Very odd indeed... Can you show me the code?
All I did was wrap the code in question around
if node.Ops != nil
neil.huang@NeilsMacbookPro:~/source/couchbase/godeps/src/github.com/couchbase/gojsonsm$ git diff
diff --git a/fastMatcher.go b/fastMatcher.go
index 9feeff4..6e22e5e 100644
--- a/fastMatcher.go
+++ b/fastMatcher.go
@@ -568,15 +568,17 @@ func (m *FastMatcher) matchExec(token tokenType, tokenData []byte, tokenDataLen
}
objEndPos := m.tokens.Position()
- objFastVal := NewObjectFastVal(m.tokens.data[objStartPos:objEndPos])
- for _, op := range node.Ops {
- err := m.matchOp(&op, &objFastVal)
- if err != nil {
- return err
- }
+ if node.Ops != nil {
+ objFastVal := NewObjectFastVal(m.tokens.data[objStartPos:objEndPos])

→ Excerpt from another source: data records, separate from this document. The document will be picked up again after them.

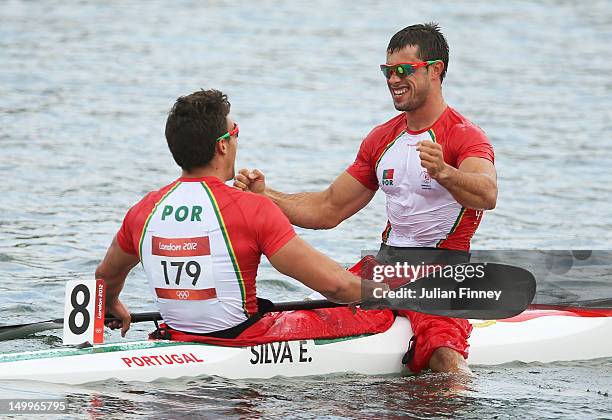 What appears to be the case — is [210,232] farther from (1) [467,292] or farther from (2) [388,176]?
(1) [467,292]

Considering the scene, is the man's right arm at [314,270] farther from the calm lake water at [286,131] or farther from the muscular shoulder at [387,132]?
the muscular shoulder at [387,132]

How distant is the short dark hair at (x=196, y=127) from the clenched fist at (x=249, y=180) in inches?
39.6

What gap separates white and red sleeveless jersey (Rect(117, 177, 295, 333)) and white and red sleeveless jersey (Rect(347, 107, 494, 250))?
52.1 inches

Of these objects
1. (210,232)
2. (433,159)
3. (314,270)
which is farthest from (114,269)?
(433,159)

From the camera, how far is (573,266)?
9867mm

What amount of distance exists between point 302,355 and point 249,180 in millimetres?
1167

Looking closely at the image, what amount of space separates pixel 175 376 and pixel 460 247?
2060 mm

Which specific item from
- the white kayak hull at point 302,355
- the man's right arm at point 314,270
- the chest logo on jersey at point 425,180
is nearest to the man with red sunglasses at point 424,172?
the chest logo on jersey at point 425,180

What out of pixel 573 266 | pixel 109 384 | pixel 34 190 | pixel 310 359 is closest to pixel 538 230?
pixel 573 266

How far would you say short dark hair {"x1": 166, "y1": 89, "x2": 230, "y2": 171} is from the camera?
22.7 ft

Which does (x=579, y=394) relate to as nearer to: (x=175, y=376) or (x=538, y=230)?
(x=175, y=376)

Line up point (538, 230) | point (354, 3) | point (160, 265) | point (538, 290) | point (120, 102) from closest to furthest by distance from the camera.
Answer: point (160, 265)
point (538, 290)
point (538, 230)
point (120, 102)
point (354, 3)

+ for _, op := range node.Ops {
+ err := m.matchOp(&op, &objFastVal)
+ if err != nil {
+ return err
+ }
- if m.buckets.IsResolved(0) {
- return nil
+ if m.buckets.IsResolved(0) {
+ return nil
+ }
}
}
} else if token == tknArrayStart {
@@ -620,15 +622,17 @@ func (m *FastMatcher) matchExec(token tokenType, tokenData []byte, tokenDataLen
}
arrayEndPos := m.tokens.Position()
- arrayFastVal := NewArrayFastVal(m.tokens.data[arrayStartPos:arrayEndPos])
- for _, op := range node.Ops {
- err := m.matchOp(&op, &arrayFastVal)
- if err != nil {
- return err
- }
+ if node.Ops != nil {
+ arrayFastVal := NewArrayFastVal(m.tokens.data[arrayStartPos:arrayEndPos])
+ for _, op := range node.Ops {
+ err := m.matchOp(&op, &arrayFastVal)
+ if err != nil {
+ return err
+ }
- if m.buckets.IsResolved(0) {
- return nil
+ if m.buckets.IsResolved(0) {
+ return nil
+ }
}
}
} else {
ping @brett19
The problem is that when we're iterating through, we lose track of the key of an array or key of an object, so any distinct op nodes on that key were never executed. The proposed solution address this specific scenario and leaves the others untouched (I believe).